I've been toying with designs for an Ampeg V4 inspired project. I posted about it a long while ago and only recently dove back in.
Let's assume that I've got the preamp & power amp sections mostly settled.
- The preamp section uses 7 triodes (mix and match of 12AX7s and 12AU7s, with 1 unused triode. Sad, I know).
- The power amp section (including Phase Inverter) is 1x12AX7 + 2x6V6S.
I grabbed a copy of Designing Power Supplies for Tube Amplifiers and am looking to understand what Ampeg was doing here. I built the V4 power supply in KiCAD and attached the PDF, along with the various output nodes and their target voltages as described in the original schematic. One thing to note is that in the PDF I have removed the standby switching altogether, but left the 180k pilot light resistor in because I forgot it. Also, for the project I'm working on I tentatively chose the Hammond 270FX, so please don't take that as what I feel the original Ampeg V4 power transformer might be.
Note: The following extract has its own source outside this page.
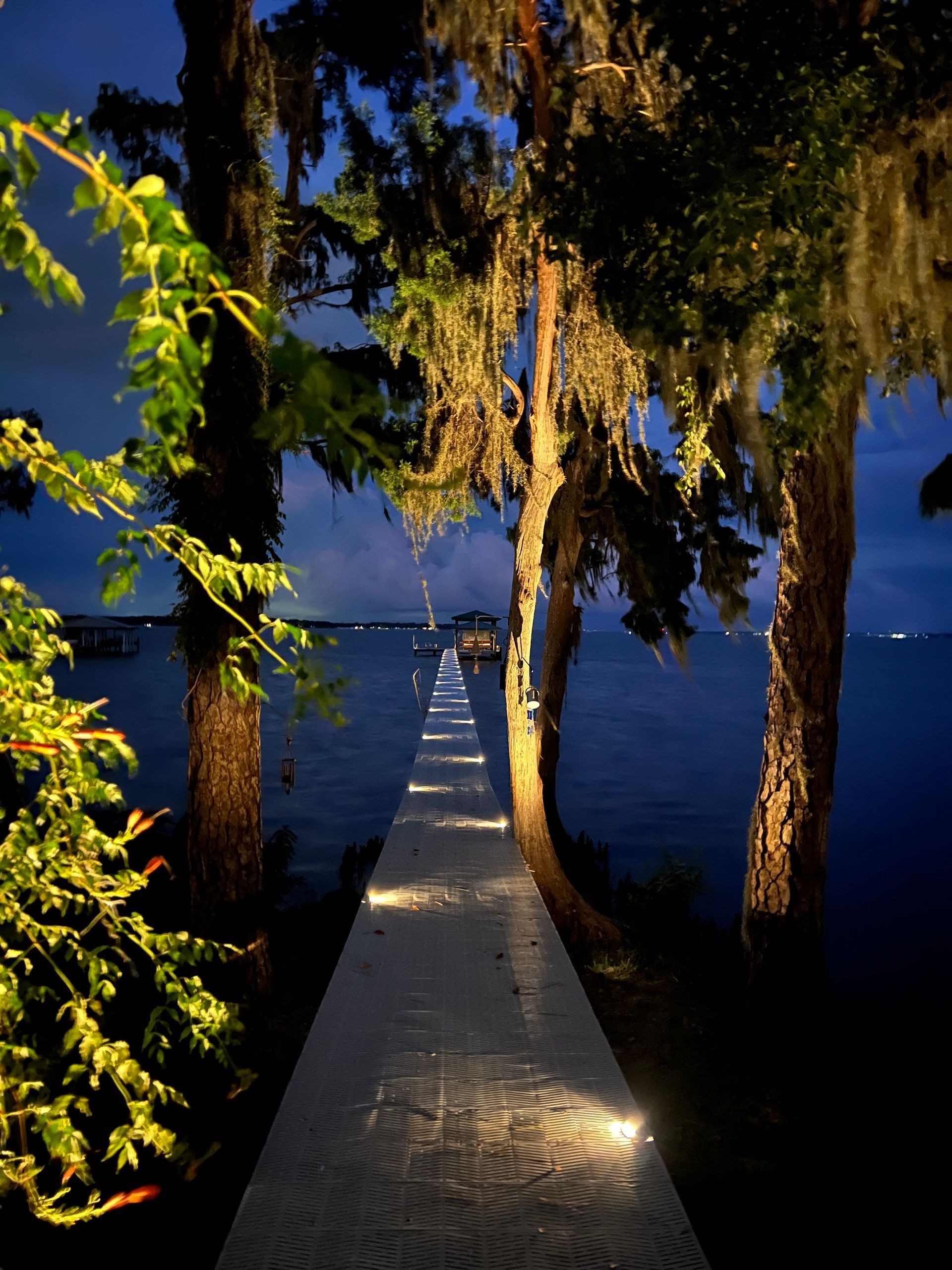 Lit walkway on a pier extends into a dark body of water, flanked by trees with hanging moss.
In the book and elsewhere, typical power supplies are described as having a reservoir capacitor, followed by a network of smoothing & filtering stages. The V4 supply seems to do it a little different:
Instead of starting with a single reservoir capacitor right after the rectifier, it throws the voltage into a network of paralleled resistors and caps (R1, R2, C1-C4) before moving towards the filtering / smoothing stages.
- Does that parallel network act as a single reservoir? I know the voltages in this amp can be just absurd, so I'm wondering if this was their way of building up the power needed, as maybe a single capacitor wasn't reasonable?
- If, just hypothetically, one wanted to use a variation of this power supply but remove the entire reverb circuit from the amp, what is best done with R5 and C7? I can't imagine removing them entirely is the right approach, as it would impact nodes D and E. Thoughts?
- If anyone has deeper insight around the choices Ampeg made I would love to hear them.